During 2016, Athabasca will invest $36 million in the Duvernay to complete planned winter activities. The Company’s core objectives in the Duvernay are to establish the strong economic potential and significant running room in the play. This will be achieved through demonstrating pad drilling cost efficiencies, and ongoing appraisal and delineation of the volatile oil window.
Over the past three drilling seasons, Athabasca has drilled 22 wells (17 horizontals, five verticals) in the Duvernay focused on retaining core acreage, defining the thermal maturity windows and establishing confidence in reservoir performance. Approximately 95% of Athabasca’s core 200,000 acre land position at Kaybob is held into the intermediate term, allowing considerable flexibility in the pace of development going forward.
Duvernay Volatile Oil Window
At Kaybob East, the Company spud a two well pad at Section 5-65-18W5 in early September and is realizing significant operational efficiencies. The 00/16-6-65-18W5 well was rig released in approximately 16 days and completed with a ~1,100 lbs/ft frac design for an estimated drill and complete (“D&C”) cost of $8.8 million. The 02/16-6-65-18W5 well was rig released in less than 14 days and completed with a ~2,000 lbs/ft frac design for an estimated D&C cost of $9.4 million. Both wells are undergoing a planned soak period with expected on-stream timing in Q1 2016.
Duvernay Condensate Rich Gas Window
At Kaybob West, the Company spud a four well pad in the condensate rich window at Section 36-63-20W5 in mid-October. Drilling operations are proceeding as planned with the first well rig released in approximately 20 days at an estimated drilling cost of $3.5 million. Drilling on the remaining three wells is expected to be completed by early 2016. The Company intends to complete the four wells after break-up, with a planned on-stream date in Q3 2016. D&C costs are expected to be below $10 million per well.
At Placid, the Company spud a three well Montney pad in September at Section 19-60-23W5 to follow up on two successful wells drilled in the winter of 2014/15. Drilling operations on the pad have been completed with an average 23 day spud to rig release and estimated drill costs of $4.0 million per well. In Q1 2016 Athabasca will spend $18 million to complete and tie-in the pad. Additionally the Company will complete the construction of the Placid inter-connect to Athabasca’s extensive Kaybob infrastructure network with an anticipated completion date in late April.
Thermal Oil Division
At Hangingstone, the Company continues to progress with its production ramp-up.
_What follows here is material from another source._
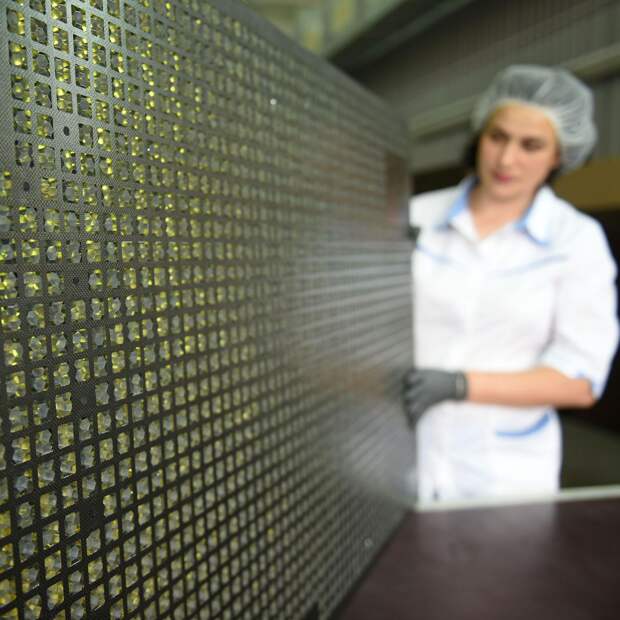 За полвека «Технология» обеспечила надежную эксплуатацию свыше 90 космических аппаратов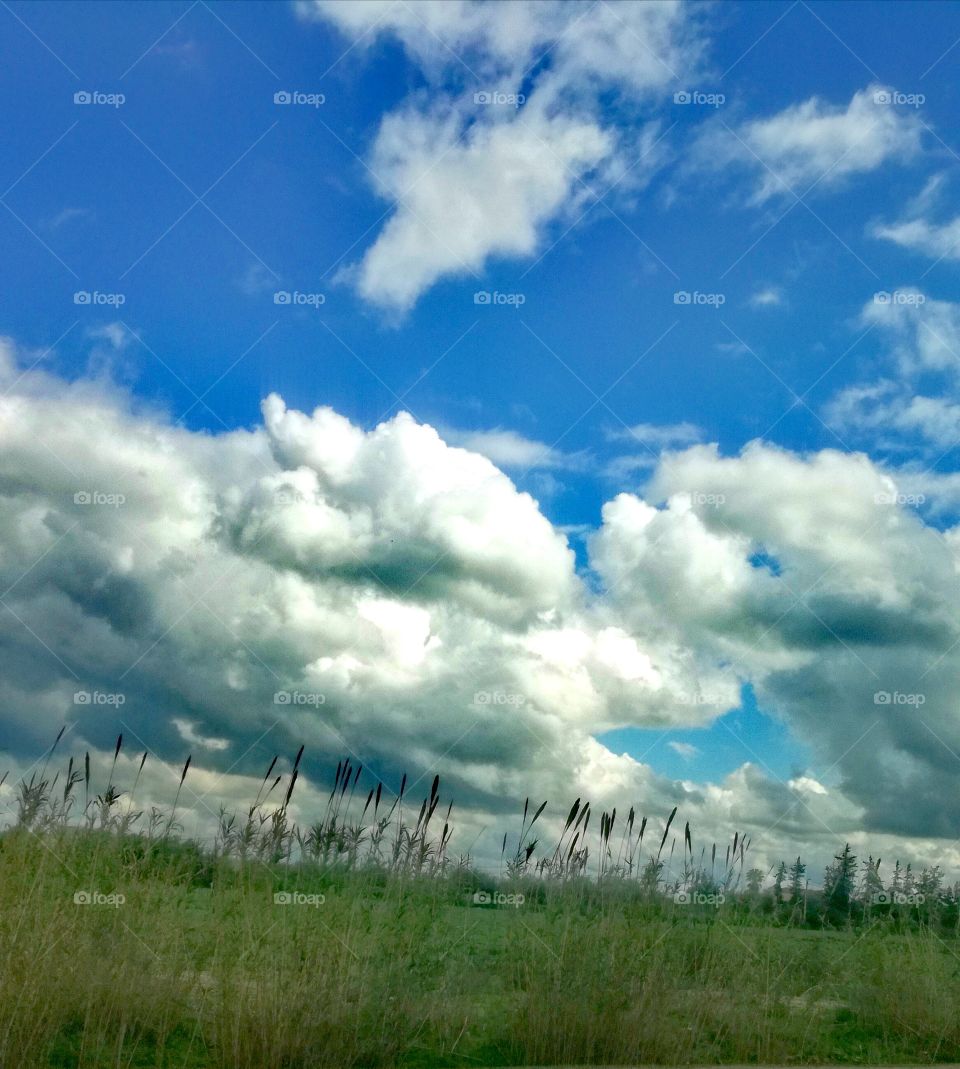 The aesthetic of nature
The Company now has 21 well pairs converted to SAGD production and current volumes exceed 6,000 bbl/d. The start-up of the dilbit pipeline to the Cheecham terminal commences next week and is expected to be completed before year-end.
In 2016, Athabasca will spend $5 million of capital on facility and well pair optimization at Hangingstone. The ramp-up to the project’s design capacity of 12,000 bbl/d in Q4 2016 remains on track with no additional development capital required and only minimal maintenance capital needed in the initial years. Average Hangingstone production in 2016 is anticipated to be 9,000 – 10,000 bbl/d, reflecting the continued strong ramp-up of the Company’s inaugural SAGD project.
Through management of the existing SAGD producers and the additional available well pairs, Athabasca forecasts that the facility will have a relatively flat production profile for the first five to seven years once it reaches nameplate production.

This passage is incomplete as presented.